### Exercise details
Repeat word for word, please, only the lines from the one that includes "Hlavní prední svetlo Trento" through the final line of the data.

*** Task inputs ***

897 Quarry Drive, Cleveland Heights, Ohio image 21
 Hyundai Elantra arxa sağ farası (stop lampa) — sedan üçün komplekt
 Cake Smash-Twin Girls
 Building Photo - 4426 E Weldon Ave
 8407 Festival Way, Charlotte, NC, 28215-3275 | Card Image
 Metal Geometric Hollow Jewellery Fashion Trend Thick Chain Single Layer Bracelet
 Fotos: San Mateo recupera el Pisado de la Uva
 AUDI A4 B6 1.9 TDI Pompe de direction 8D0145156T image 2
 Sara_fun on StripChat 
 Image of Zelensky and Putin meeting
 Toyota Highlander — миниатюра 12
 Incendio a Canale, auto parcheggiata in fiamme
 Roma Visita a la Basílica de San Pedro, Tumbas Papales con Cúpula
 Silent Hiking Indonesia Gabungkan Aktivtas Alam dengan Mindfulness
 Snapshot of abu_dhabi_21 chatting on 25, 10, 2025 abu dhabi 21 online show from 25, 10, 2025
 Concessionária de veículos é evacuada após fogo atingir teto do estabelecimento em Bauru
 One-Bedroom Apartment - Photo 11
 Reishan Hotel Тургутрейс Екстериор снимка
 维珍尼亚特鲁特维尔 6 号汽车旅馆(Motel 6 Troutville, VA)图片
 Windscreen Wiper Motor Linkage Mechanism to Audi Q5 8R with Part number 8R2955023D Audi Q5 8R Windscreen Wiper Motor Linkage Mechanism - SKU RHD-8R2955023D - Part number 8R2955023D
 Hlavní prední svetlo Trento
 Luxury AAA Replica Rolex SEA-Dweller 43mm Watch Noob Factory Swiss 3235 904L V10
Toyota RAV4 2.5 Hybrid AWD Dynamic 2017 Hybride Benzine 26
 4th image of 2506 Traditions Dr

*** End of Task inputs ***

### Solution
 Hlavní prední svetlo Trento
 Luxury AAA Replica Rolex SEA-Dweller 43mm Watch Noob Factory Swiss 3235 904L V10
Toyota RAV4 2.5 Hybrid AWD Dynamic 2017 Hybride Benzine 26
 4th image of 2506 Traditions Dr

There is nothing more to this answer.